The Oslo-Bergen-Tagger is a GPL licensed Norwegian text tagger. This is an interface for accessing it with Clojure.
clj-obt supports Linux only, and you must acquire the tagger from http://tekstlab.uio.no/obt-ny/ or clone it here on GitHub: https://github.com/noklesta/The-Oslo-Bergen-Tagger
Simply add the library with Leiningen: [clj-obt "0.5.1"]
and require clj-obt.core
Before tagging any text, you must set the path to the Oslo-Bergen-Tagger by calling:
(set-obt-path! "path/to/obt")
Or you can supply it when using the tagger function:
(obt-tag "tag this" "path/to/obt")
You only need to set the path once per session. Currently, only disambiguated bokmål is supported.

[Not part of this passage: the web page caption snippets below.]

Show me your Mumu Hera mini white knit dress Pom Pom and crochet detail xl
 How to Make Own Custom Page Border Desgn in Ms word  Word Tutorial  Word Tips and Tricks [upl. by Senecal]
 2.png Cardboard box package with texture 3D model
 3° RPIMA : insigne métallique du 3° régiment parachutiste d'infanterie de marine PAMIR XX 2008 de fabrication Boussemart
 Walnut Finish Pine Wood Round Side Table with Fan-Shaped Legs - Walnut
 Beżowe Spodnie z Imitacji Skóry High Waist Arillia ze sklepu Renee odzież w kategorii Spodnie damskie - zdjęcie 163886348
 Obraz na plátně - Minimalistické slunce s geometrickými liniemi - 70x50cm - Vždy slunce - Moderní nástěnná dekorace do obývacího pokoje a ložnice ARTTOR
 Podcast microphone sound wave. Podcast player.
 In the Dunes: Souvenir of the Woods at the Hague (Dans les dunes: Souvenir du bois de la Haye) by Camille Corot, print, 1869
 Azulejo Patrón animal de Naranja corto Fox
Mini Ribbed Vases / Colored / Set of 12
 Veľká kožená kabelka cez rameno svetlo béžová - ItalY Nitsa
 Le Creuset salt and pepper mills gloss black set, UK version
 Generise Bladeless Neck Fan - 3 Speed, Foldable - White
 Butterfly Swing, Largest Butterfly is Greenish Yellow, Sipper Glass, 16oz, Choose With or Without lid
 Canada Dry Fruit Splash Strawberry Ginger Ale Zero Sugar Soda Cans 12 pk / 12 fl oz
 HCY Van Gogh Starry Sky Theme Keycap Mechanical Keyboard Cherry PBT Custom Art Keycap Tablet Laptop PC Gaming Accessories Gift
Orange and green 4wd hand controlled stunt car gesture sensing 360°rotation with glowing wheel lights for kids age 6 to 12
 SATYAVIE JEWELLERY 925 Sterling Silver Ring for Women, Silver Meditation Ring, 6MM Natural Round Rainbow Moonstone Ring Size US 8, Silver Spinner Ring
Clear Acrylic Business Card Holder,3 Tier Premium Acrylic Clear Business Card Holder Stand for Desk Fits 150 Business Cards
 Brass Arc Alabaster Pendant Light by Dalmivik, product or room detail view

The resulting output from the tagger is parsed to simple maps. There are helper functions in clj-obt.tools
to manipulate and filter the tagged words.
There is a startup cost in calling the tagger. If you call obt-tag
on a number of texts sequentially, there might be a about a seconds worth of overhead for each invocation. This is due to the startup time of OBT. We can get around this by giving obt-tag
all the texts in a vector like this:
(obt-tag ["many" "texts" "to" "be" "tagged"])
The tagger function will then concatenate all the texts, tag them in one OBT invocation, split them up again, and return them to you - separately in a vector. Doing this, we save about n-1 of OBT startup time cost.
Copyright (C) 2011-2012 Aleksander Skjæveland Larsen
Distributed under the Eclipse Public License, the same as Clojure.